Ok, I'll admit it: I bought this book for the title. Slap a comic book reference on the cover and you've got me. The fact that the author is one of "the Jonathans" (thank you Orange is the New Black for that wonderfully fitting categorization) only made me more certain that this was a good purchase. "A coming-of-age novel set in 1970s Brooklyn with a dollop of magical realism and a wealth of comic book and music cultural references?" thought I, "What could possibly go wrong?"

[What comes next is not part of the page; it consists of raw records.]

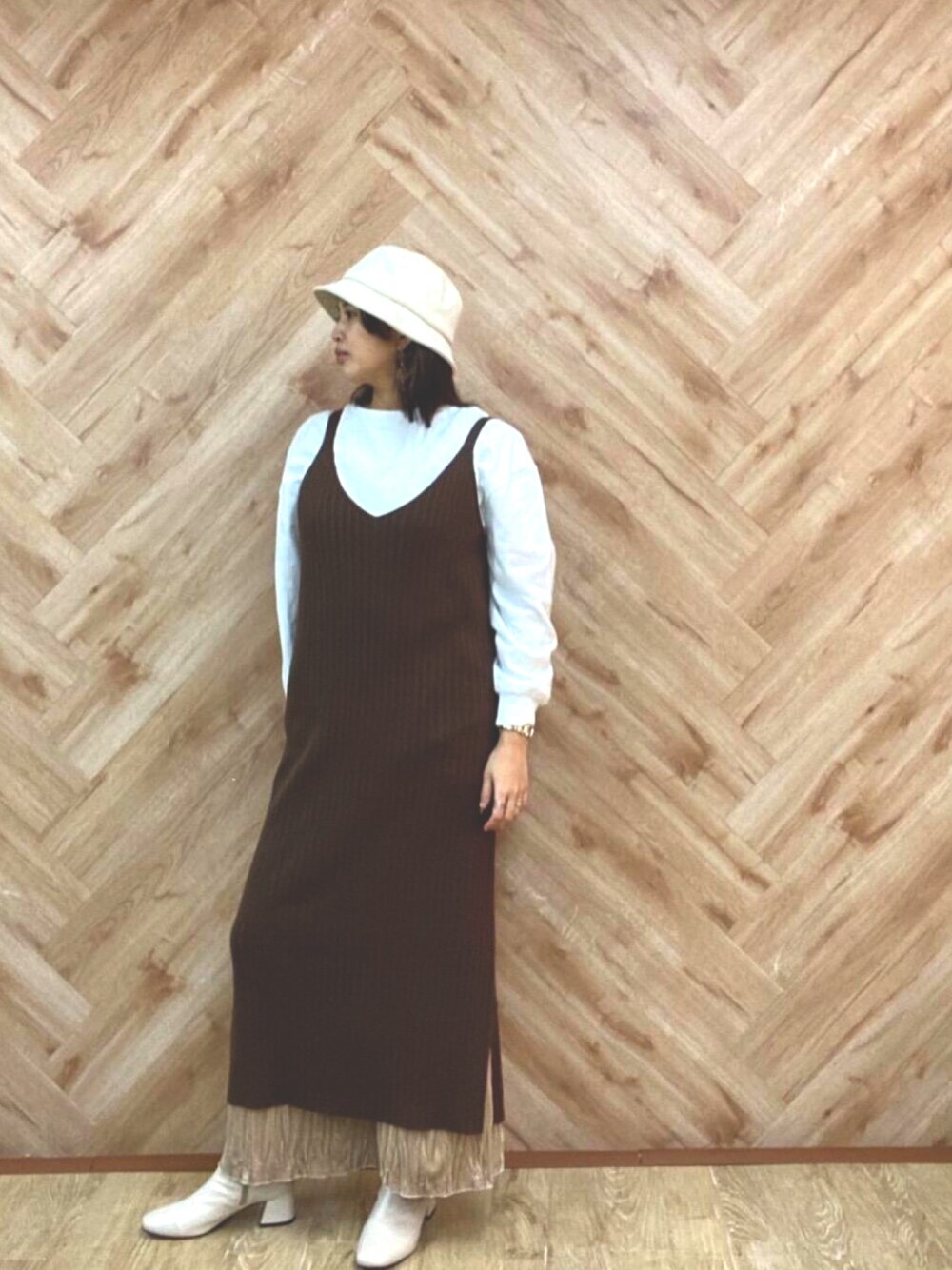 「ニットワンピ、着回し、プチプラコーデ、レトロガール、バケハ、セットワンピ、レトロガールコーデ、トレンドファッション、retrogirl_ootd」｜「RETRO GIRLのスクエアトゥローファー（ローファー、ブラック系）」を使った、RETROGIRLさん（レディース・161cm）の秋コーディネートの1枚目の写真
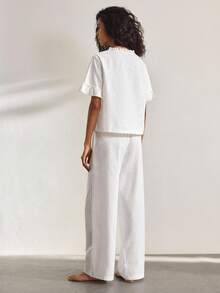 Ocili 女士荷叶边短袖上衣和裤子睡衣套装 - 白色 - 查看 2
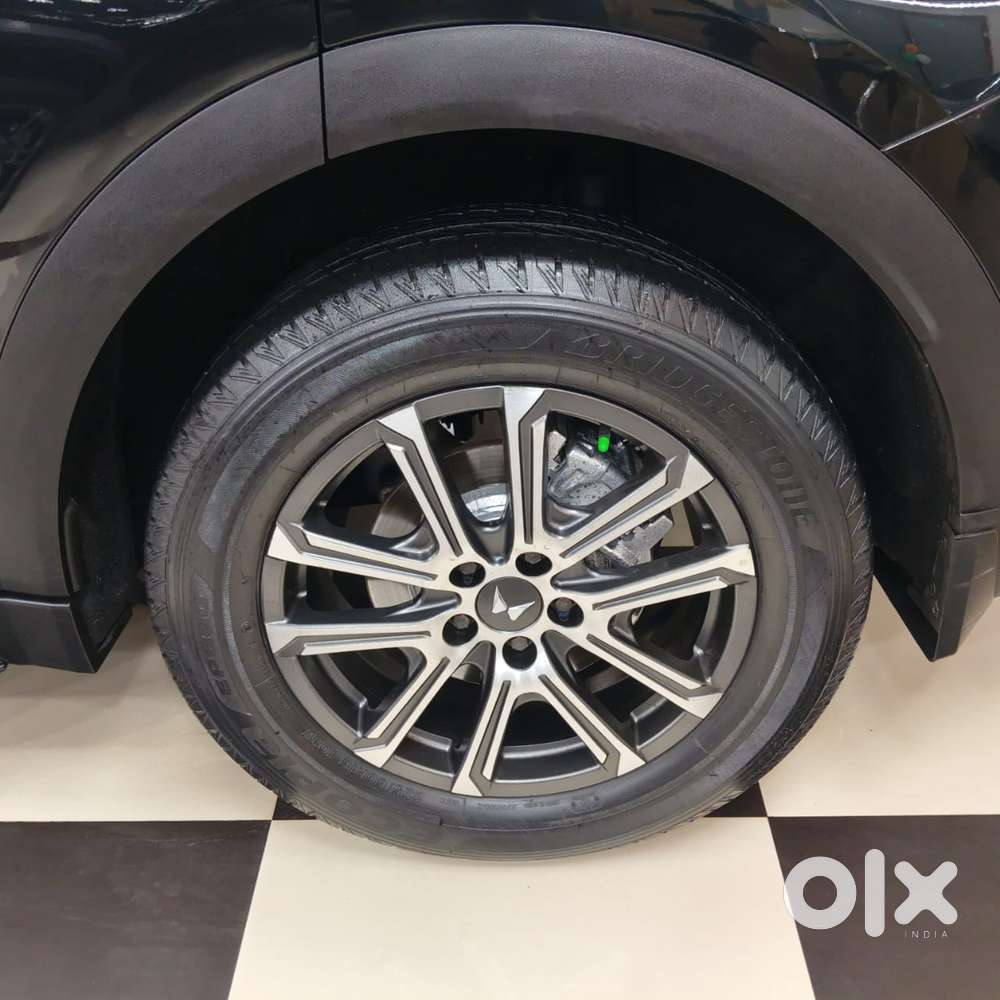 Mahindra Xuv700 2.0 Ax 7 Petrol At Luxury Pack Str, 2024, Petrol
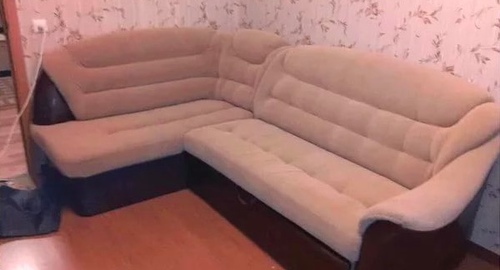 Перетяжка углового дивана. Карасук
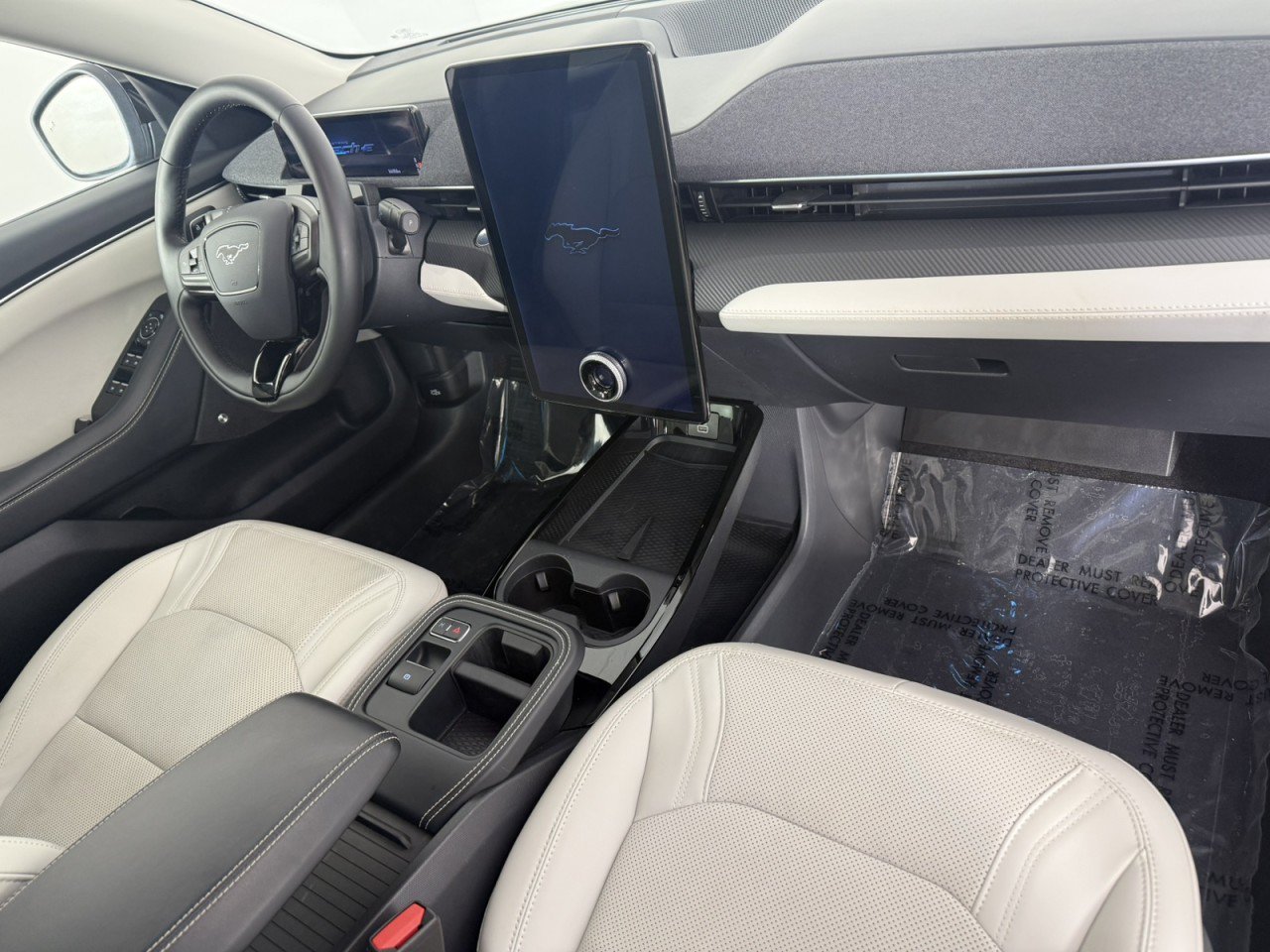 Certified 2025 Ford Mustang Mach-E Premium AWD/4WD image 10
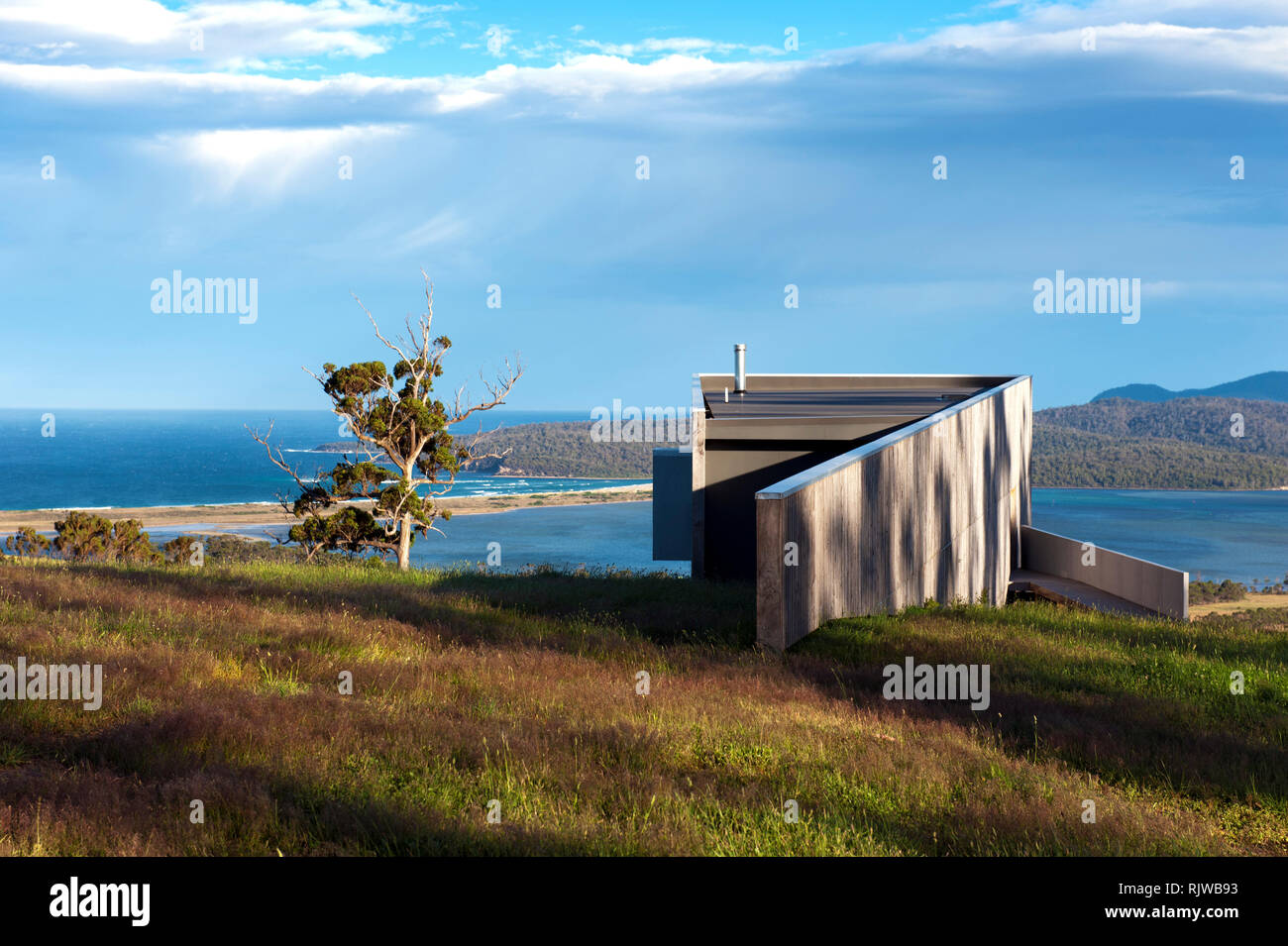 Designed by Hobartbased 1+2 Architects and built of macrocarpa and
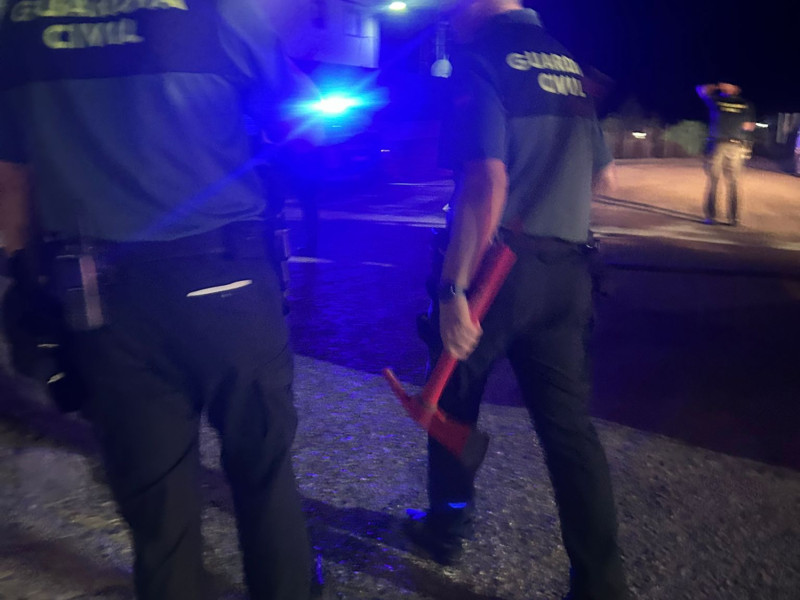 La Guardia Civil desaloja forzosamente a un matrimonio que se niega a abandonar su casa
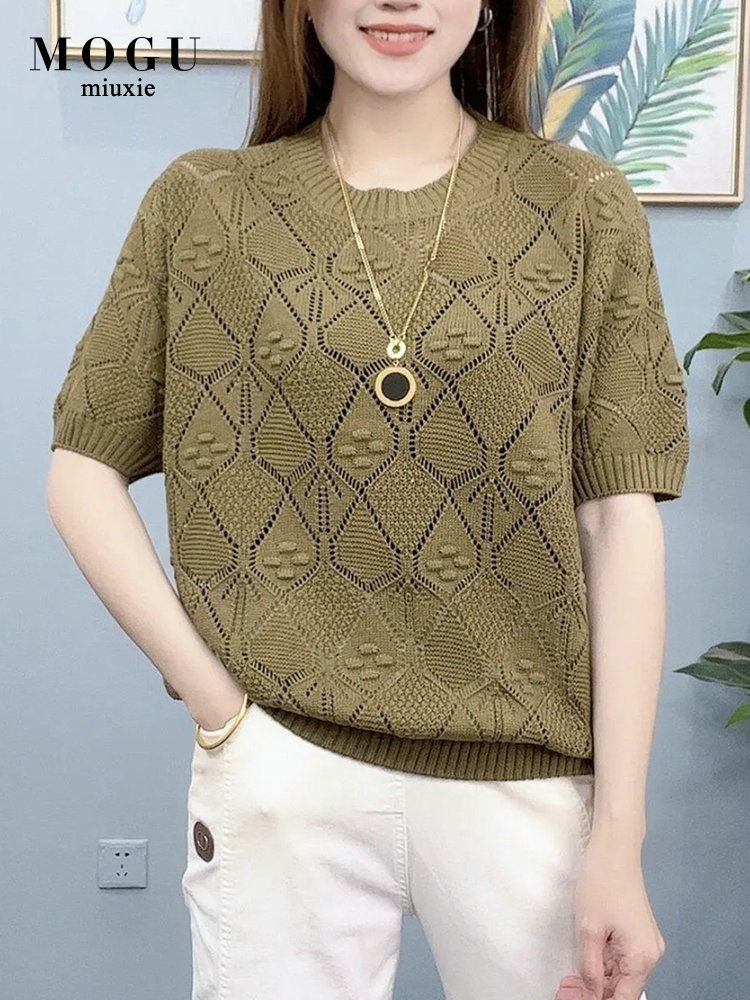 Thin knitted sweater female middle-aged mother 2023 summer new fashion foreign style short-sleeved hollow round neck purple top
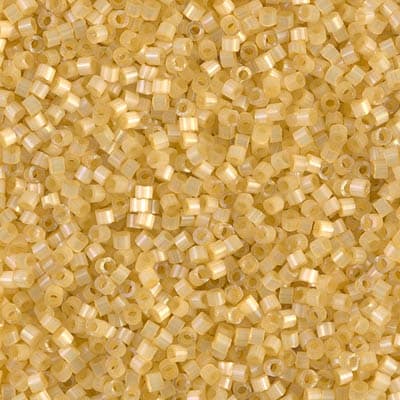 11/0 DELICA X 50GR/BL SILK INSIDE1
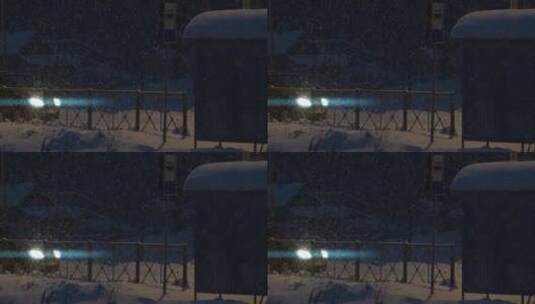 夜晚下雪路上的车辆行驶高清在线视频素材下载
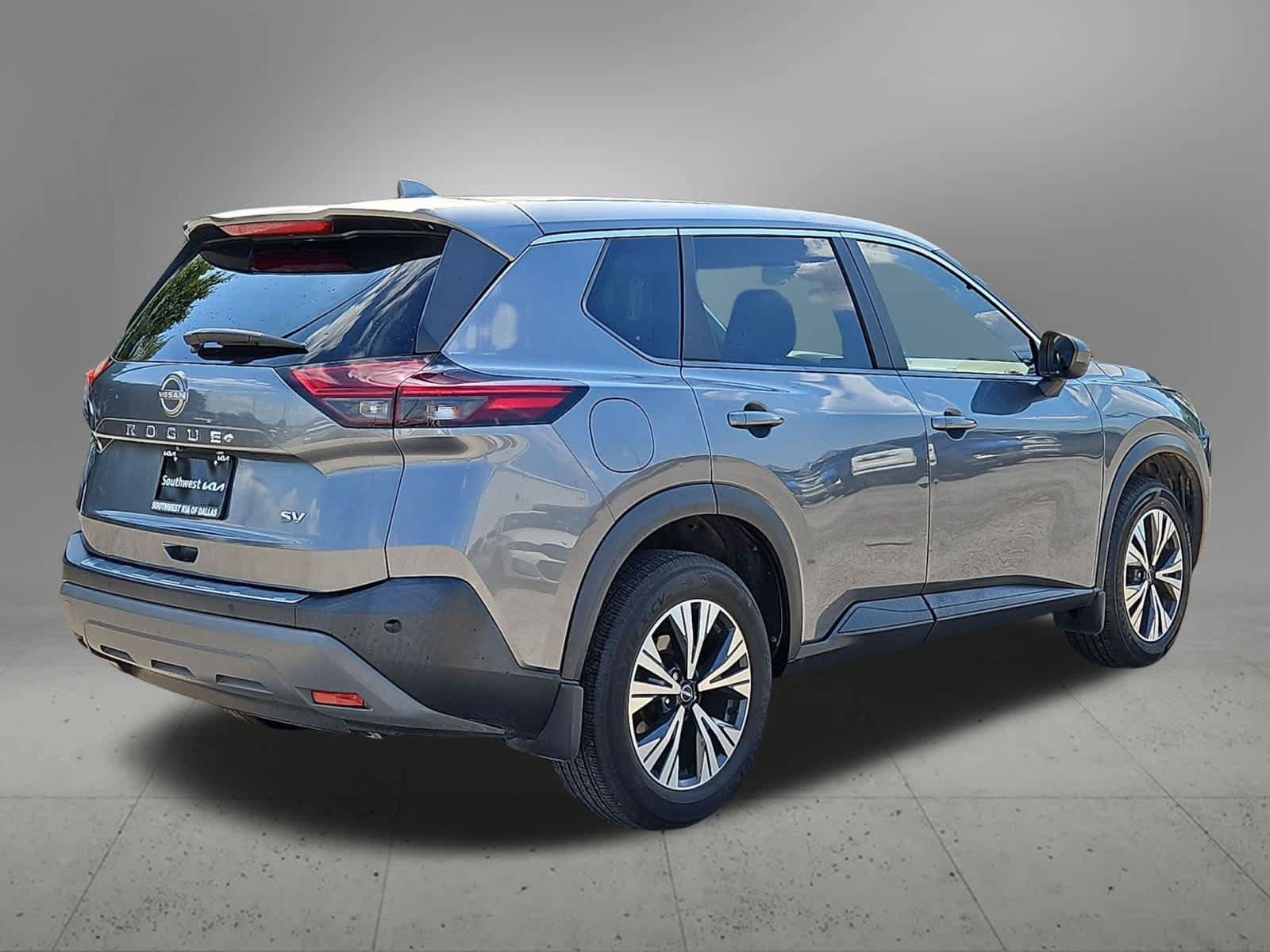 Used 2023 Nissan Rogue SV FWD image 5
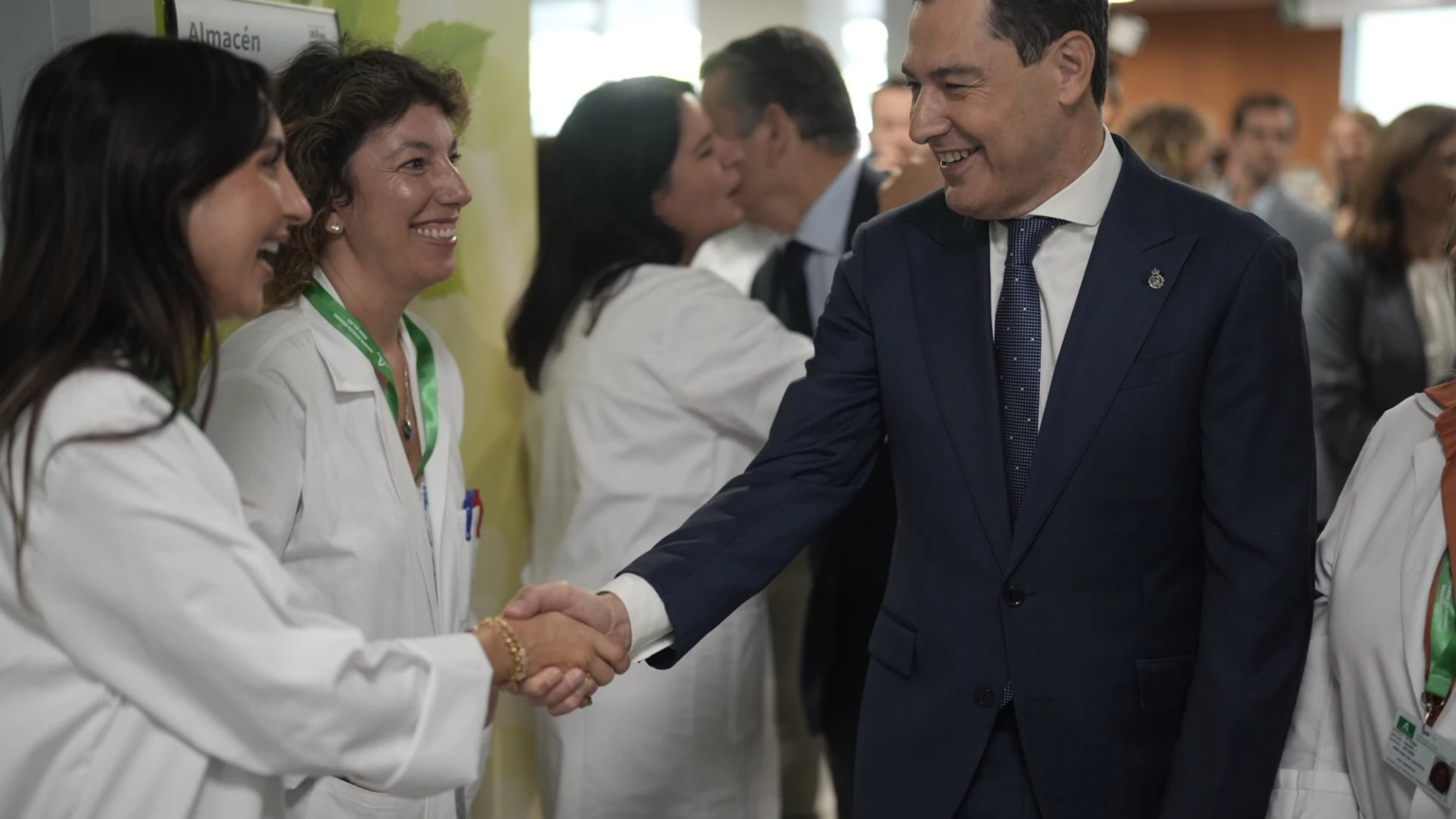 El presidente de la Junta, Juanma Moreno, saluda a varias sanitarias en Marbella (Málaga)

Everything. Everything went wrong. I regret ever setting eyes on what turned out to be one of the most laborious reads of my lifetime. It's not that I was especially opposed to the plot (I was) or characters (I hate those fuckers). It's more that the author's award-winning, supposedly-brilliant, hailed-by-all-and-sundry-as-a-work-of-art prose was nigh unreadable. Everything else aside, this might be the most unreadable book I've laid eyes on since fucking n  Neuromancern. And yet the accolades are heaped so high on this thing you can hardly find an accurate plot summary anywhere. If this is the right way to do capital-L Literature, then I'm happy being dead wrong.

So that is why:
a) it took me six months to finish. Not that I read it continuously for that whole time. In fact I kept putting it aside in favor of less offensive reads before I could force myself to read another few chapters while waiting for my next hold at the library. I finally bit the bullet and read the last hundred pages or so on a weekend camping trip when I had access to zero other forms of media or entertainment.
b) I will never buy a book for the title again. I have learned my lesson. I was a fool.
c) I have decided this is the last time I will soldier through a book I hate purely for the sake of finishing it. I don't know what I was thinking, but I do know that I am stubborn as all hell and I hate being defeated. I could've saved myself an awful lot of trouble if I'd just said "fuck it" after the first chapter.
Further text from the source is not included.